“He’s made a friend.”
Sejujurnya, hamba terkejut saat
mengetahui tontonan seram The Boy
(2016) dibuatin film kelanjutan bertajuk Brahms:
The Boy II. Memang betul bahwa filmnya masih mereguk untung, tapi
rasa-rasanya permintaan publik tak sebesar itu dan jalinan pengisahannya
sendiri tak lagi menyimpan kejutan. Maksud saya, jilid pertamanya menarik
perhatian berkat ambiguitas sosok Brahms si boneka porselen sehingga selama
durasi mengalun penonton pun selalu dirundung tanya, “betulkah dia betul-betul melancarkan aksi jahat itu seorang diri?

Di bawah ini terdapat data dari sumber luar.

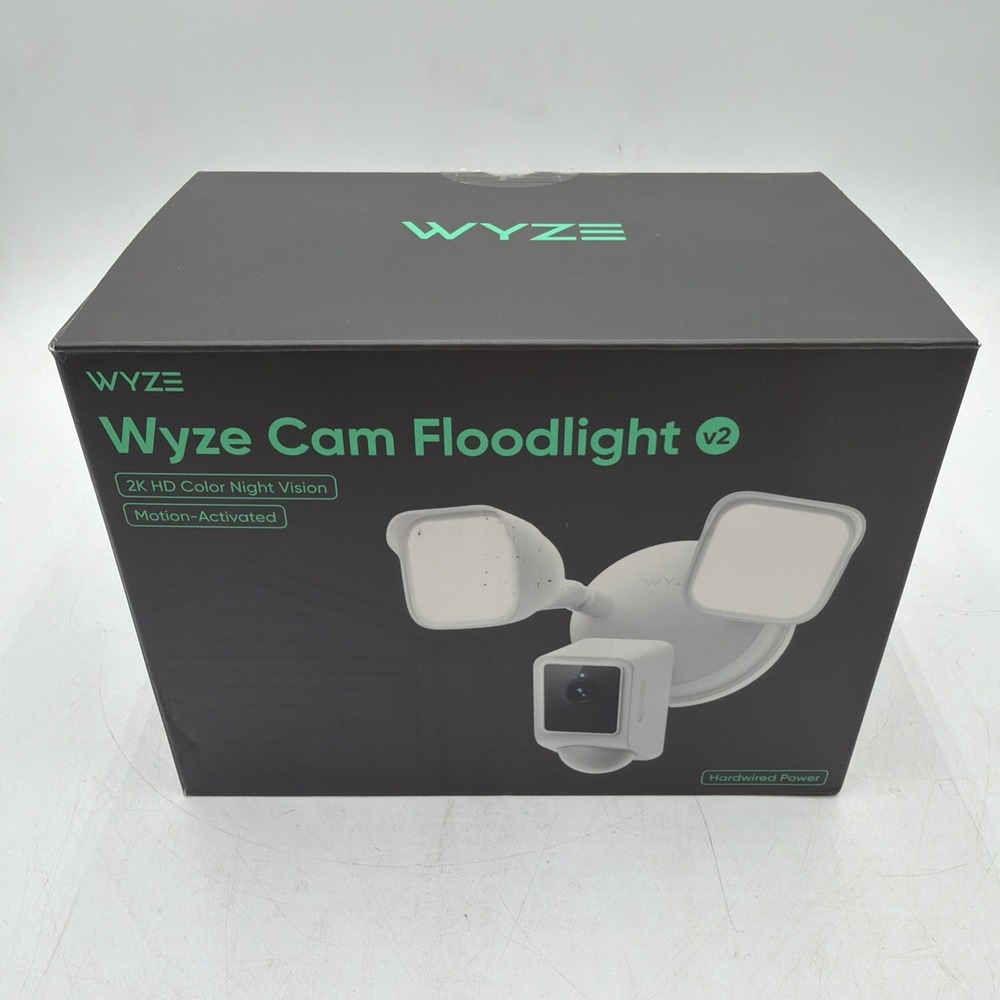 Wyze Cam Floodlight V2 Motion-Activated 2K HD Color Night Vision Camera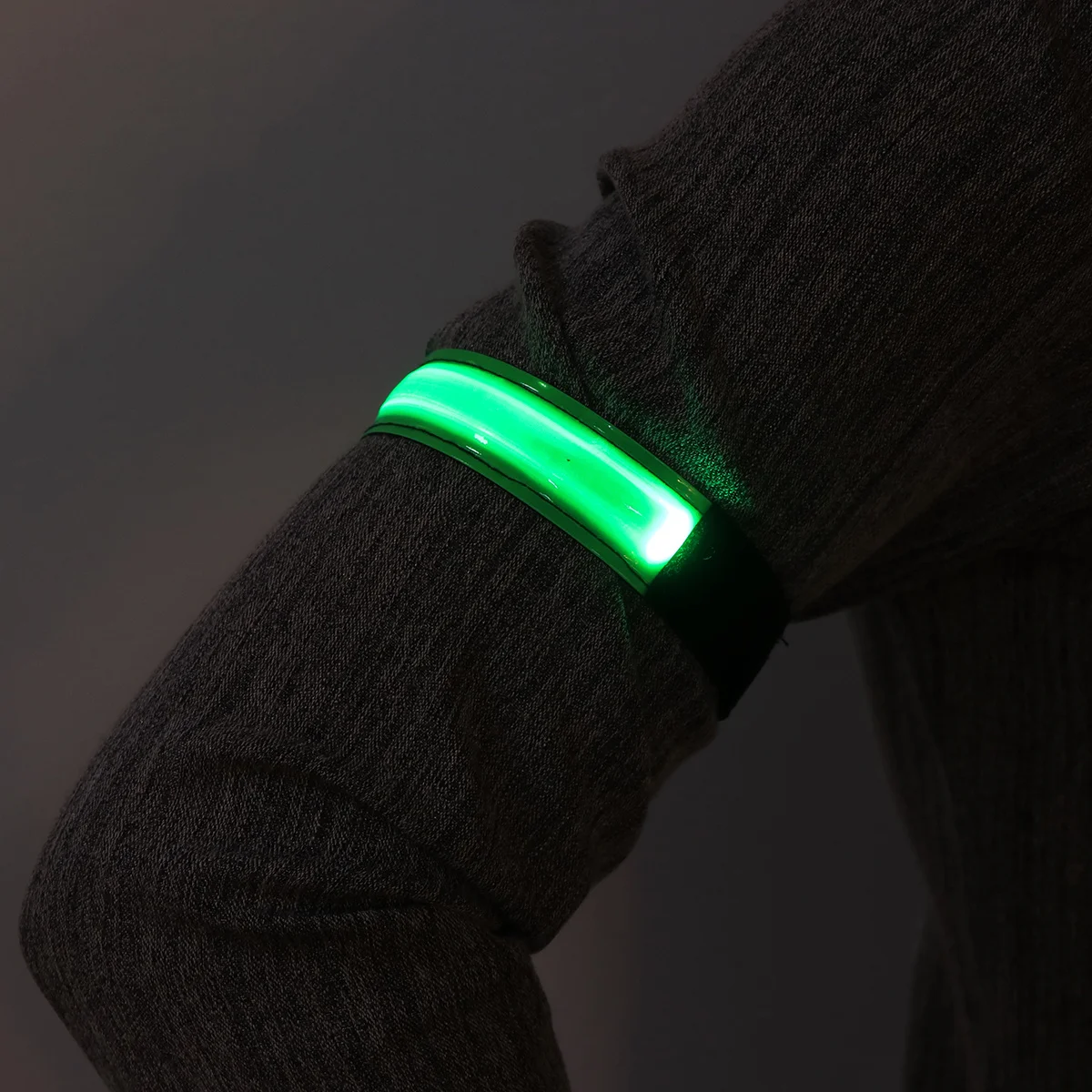 

4pcs Led Glowing Armband Reflective Wristbands For Night Running Dog Walking Mountaineering Outdoor Safety Slap Bracelets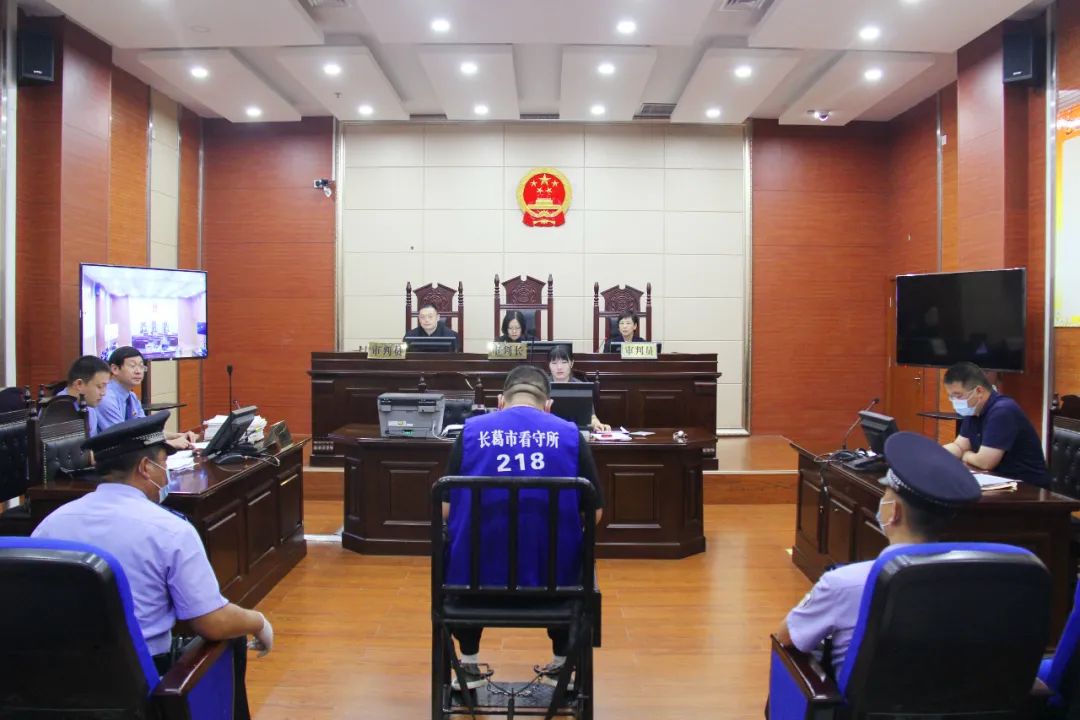 许昌法院集中宣判10起涉黑涉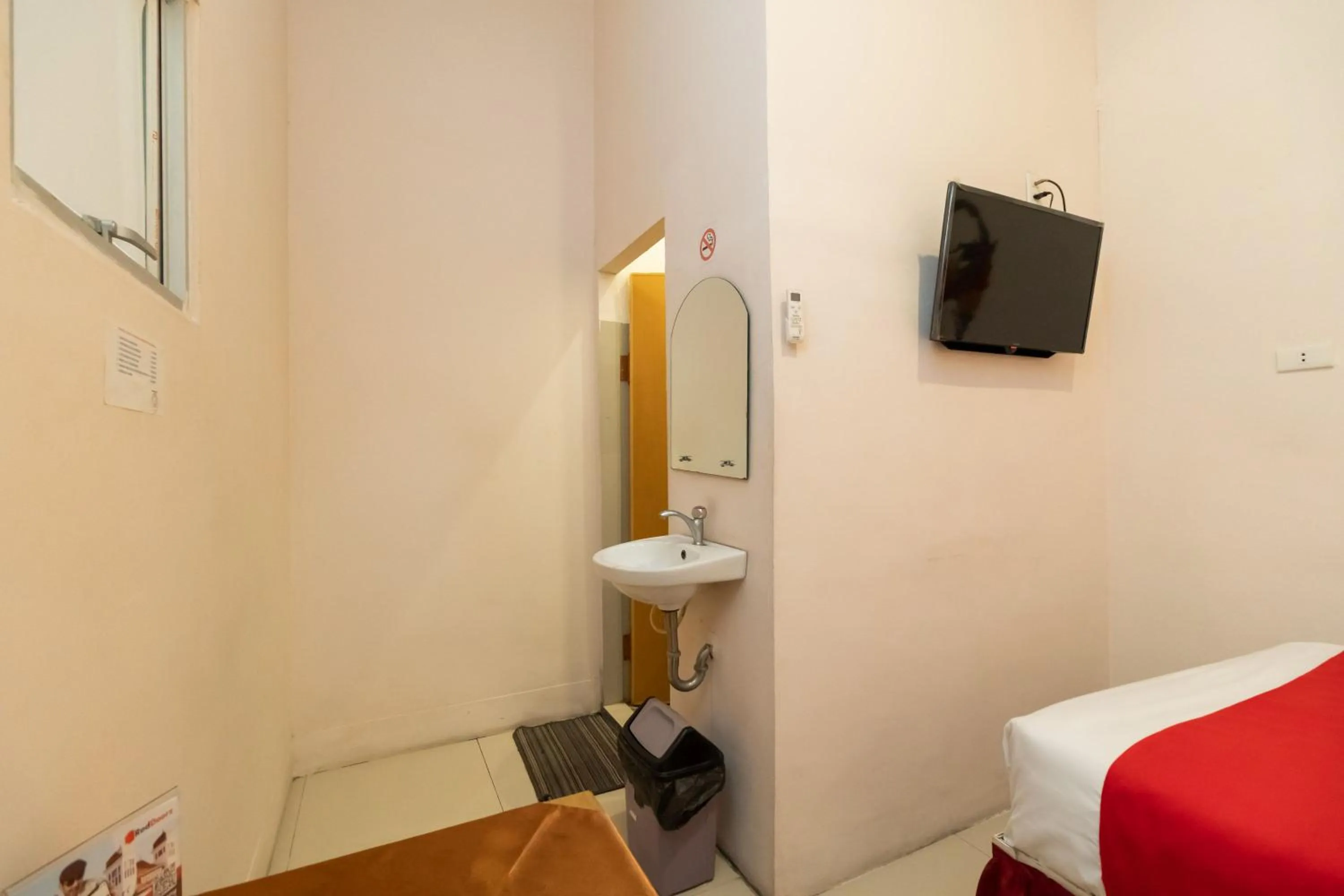 Bedroom in RedDoorz At Fella Homestay Medan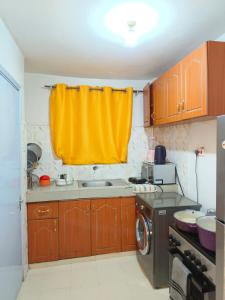 eine Küche mit einer Spüle und einer Waschmaschine in der Unterkunft Trm homes in Nairobi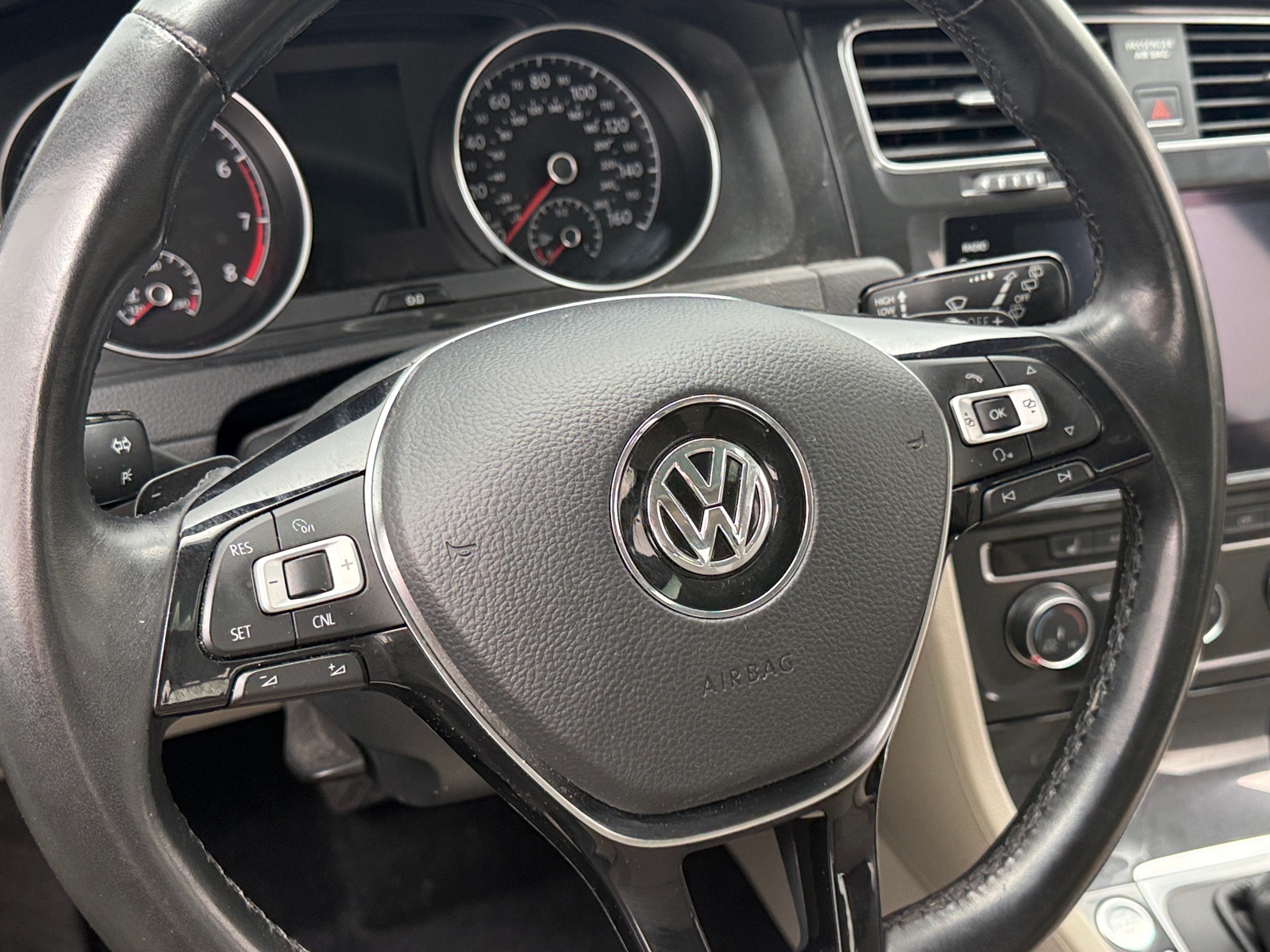 Thumbnail: 2018 Volkswagen Golf - 4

Betulkah dia boneka iblis semacam Chucky atau Annabelle?”. Adanya misteri
yang melingkungi pada babak awal membuat film tak saja membetot atensi, tetapi
juga menciptakan intensitas. Tak jarang saya dibuat berdebar-debar tiap kali si
antagonis berulah sehingga secara otomatis mengundang kewaspadaan dan membentuk
kecurigaan. Untuk sesaat, saya tampak sedang disuguhi sajian horor yang unik
nan mengesankan sampai film menghamparkan babak pengungkapan yang mendadak
mengubah warna penceritaan menjadi thriller
alih-alih horor. Tanpa basa-basi lagi, segala daya tariknya langsung ambyar dan
narasi pun menjadi teramat sangat generik. Memupuskan segala pesona yang telah
dipancarkannya sedari awal. Itulah mengapa begitu Brahms: The Boy II dicanangkan, saya dibuat bertanya-tanya. Apa
lagi yang hendak dicelotehkan sementara penonton telah mengetahui bahwa si
boneka porselen ternyata bukanlah makhluk supranatural? Bukankah itu membuatnya
tak lagi unik?
Well, what do I know? William Brent Bell selaku sutradara dan
Stacey Menear selaku penulis (keduanya juga menduduki posisi sama di film
pertama) tampaknya sudah mengetahui akan membawa Brahms: The Boy II ke arah mana. Kali ini, penonton dipertemukan
dengan satu keluarga kecil yang tengah menghabiskan waktu di sebuah pondok tamu
milik keluarga Heelshire – pemilik Brahms di film pertama. Mereka adalah suami
istri, Liza (Katie Holmes) dan Sean (Owain Yeoman), beserta si putra tunggal,
Jude (Christopher Convery). Tujuan kedatangan keluarga ini adalah untuk
memulihkan Liza dan Jude dari trauma berkepanjangan selepas insiden perampokan
yang nyaris menewaskan sang ibu pada suatu malam. Akibat peristiwa ini, Liza
kerap dihantui mimpi-mimpi buruk tiap malam sementara Jude sama sekali enggan
berkomunikasi secara verbal dengan siapapun. Padahal, Jude sebelumnya dikenal
sebagai bocah dengan pembawaan yang ceria. Ingin kesayangan-kesayangannya ini
kembali beraktifitas seperti biasa, Sean pun membawa mereka ke pondok Heelshire
dimana Jude menemukan Brahms yang terkubur di tengah hutan. Pada mulanya,
kehadiran si boneka porselen dianggap sebagai sesuatu yang positif karena Jude
kembali memiliki teman bermain. Namun seiring berjalannya waktu, Liza mulai
mengendus keanehan demi keanehan dari perangai putranya yang seketika membuat
dia mempertanyakan tentang kewarasannya sendiri. Benarkah setiap kejanggalan
ini hanya ada di pikirannya semata? Atau jangan-jangan, memang Brahms si boneka
menyeramkan yang selama ini melakukannya seperti diakui oleh Jude?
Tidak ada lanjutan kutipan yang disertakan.